→ Brief: Print out the data precisely as it appears here, with no pictures.

→ Recorded data:
______________________________

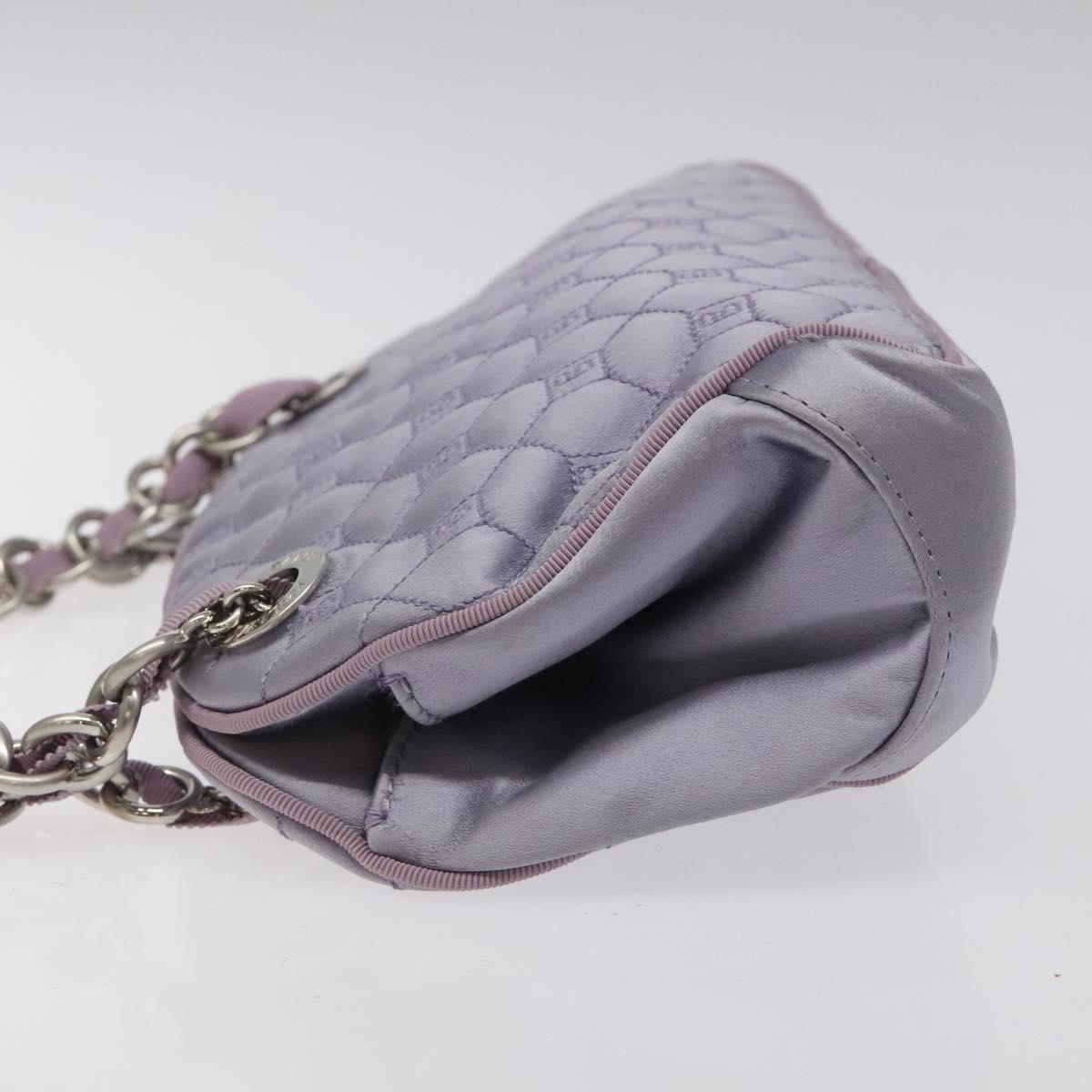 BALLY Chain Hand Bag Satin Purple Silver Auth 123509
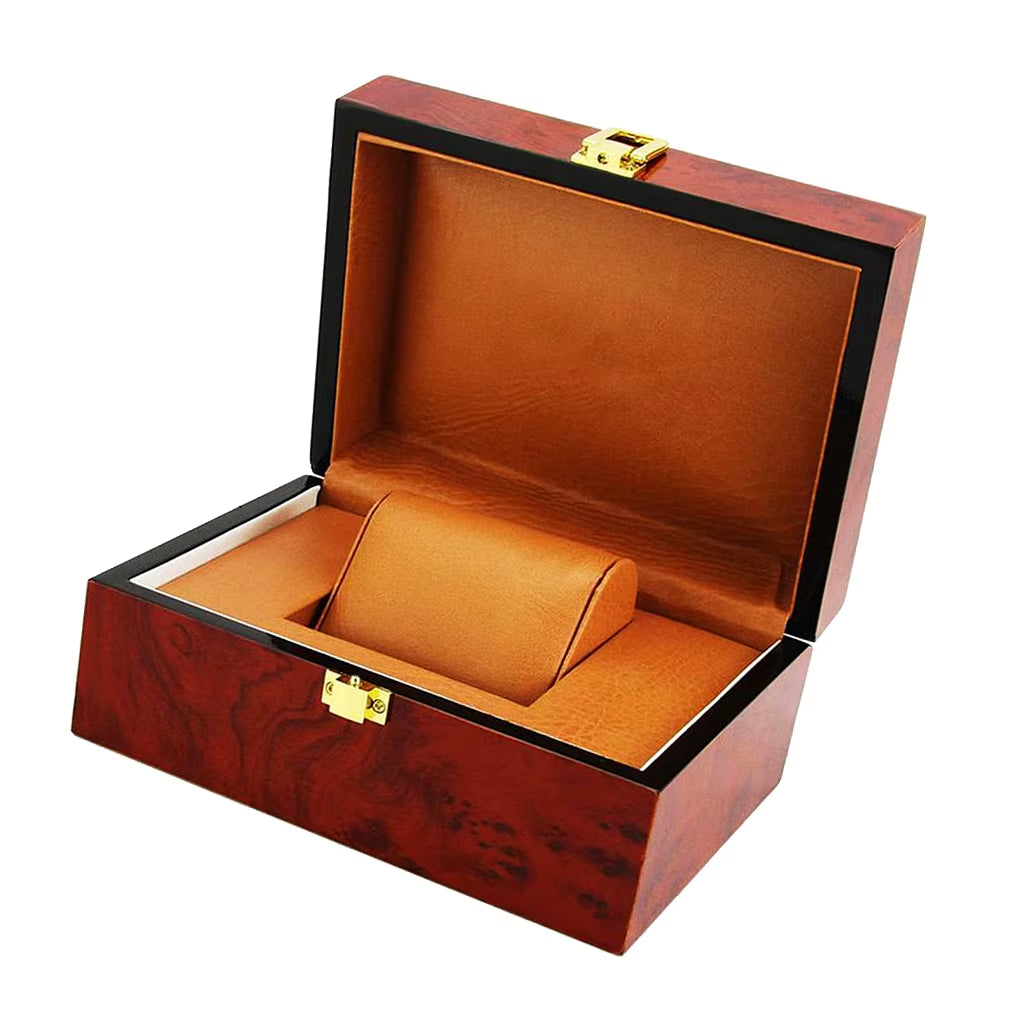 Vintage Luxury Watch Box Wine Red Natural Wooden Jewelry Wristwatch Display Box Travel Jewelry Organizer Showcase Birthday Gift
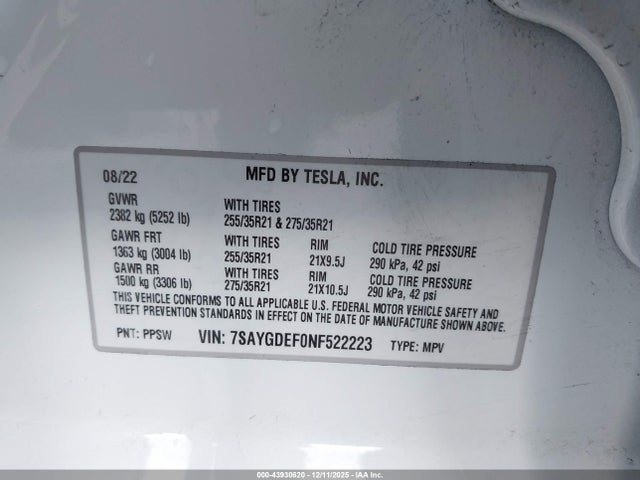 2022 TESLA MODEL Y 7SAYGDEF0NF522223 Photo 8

______________________________

→ Reply:
 BALLY Chain Hand Bag Satin Purple Silver Auth 123509
 Vintage Luxury Watch Box Wine Red Natural Wooden Jewelry Wristwatch Display Box Travel Jewelry Organizer Showcase Birthday Gift
 2022 TESLA MODEL Y 7SAYGDEF0NF522223 Photo 8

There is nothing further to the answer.